● **WHAT NEEDS TO BE DONE**: Find "Motel 6-Brinkley, AR Exterior foto" below and begin at its line; stop after the line with "Cheddar Garlic Biscuits". Output those lines exactly, without pictures.

● **RECORDS PROVIDED**:
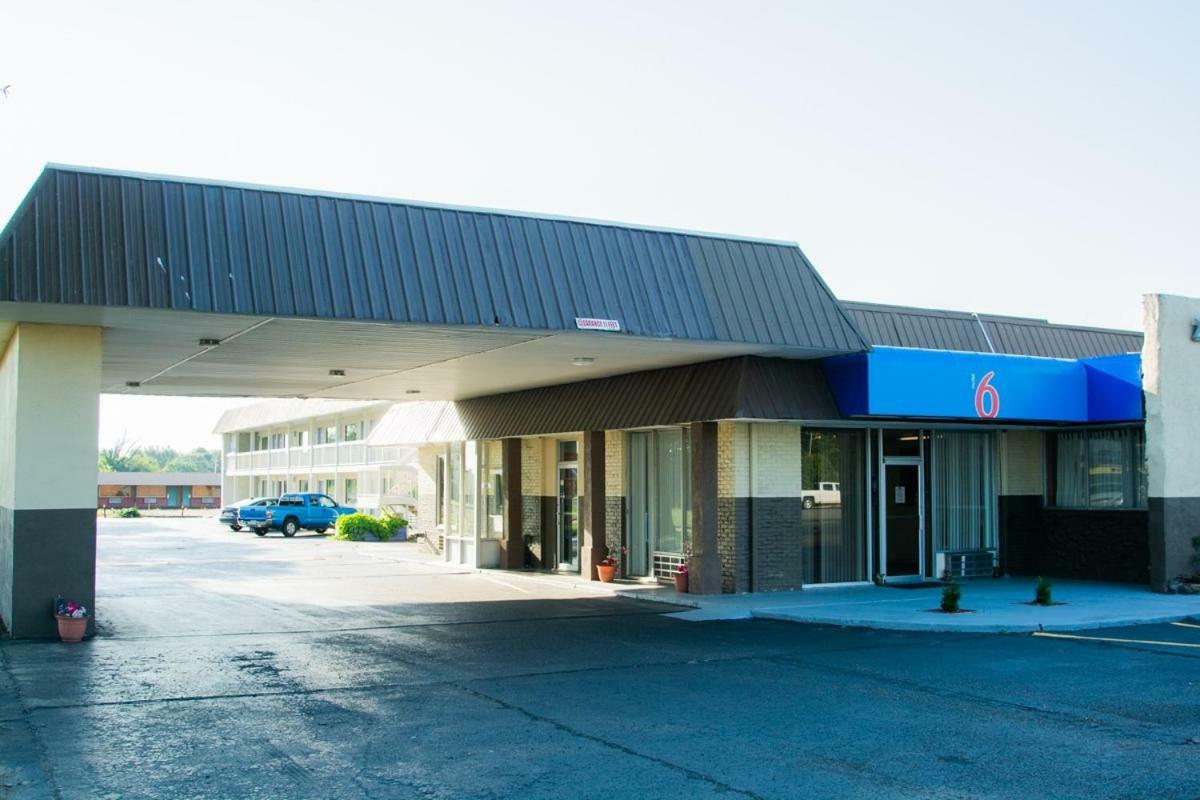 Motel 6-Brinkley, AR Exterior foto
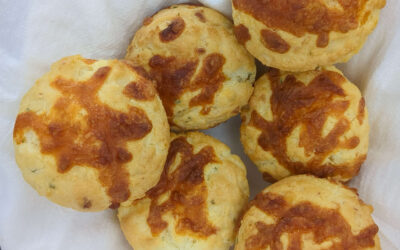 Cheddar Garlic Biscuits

--

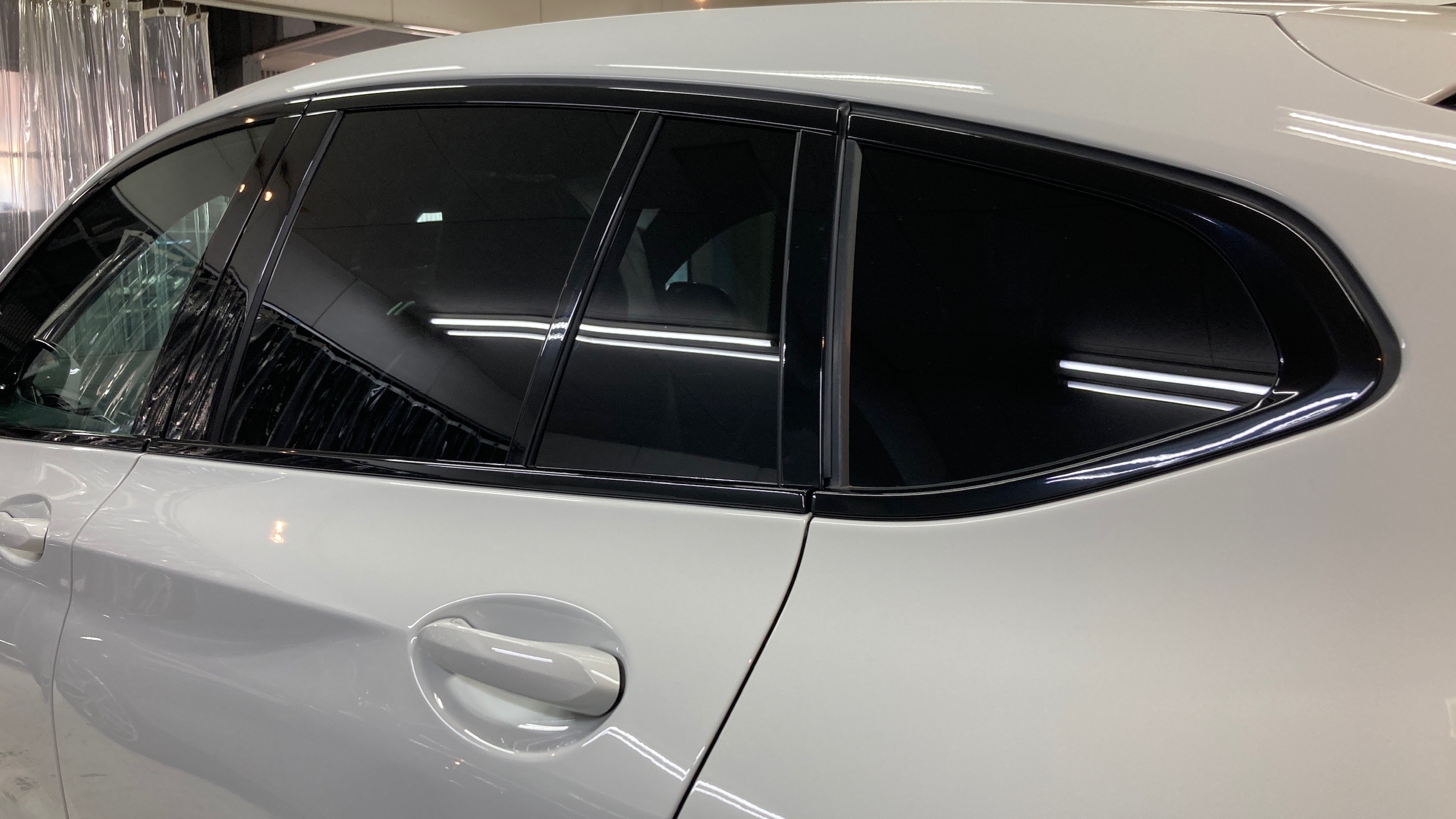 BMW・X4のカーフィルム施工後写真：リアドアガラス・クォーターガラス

● **OUTPUT OF THE EXERCISE**:
 Motel 6-Brinkley, AR Exterior foto
 Cheddar Garlic Biscuits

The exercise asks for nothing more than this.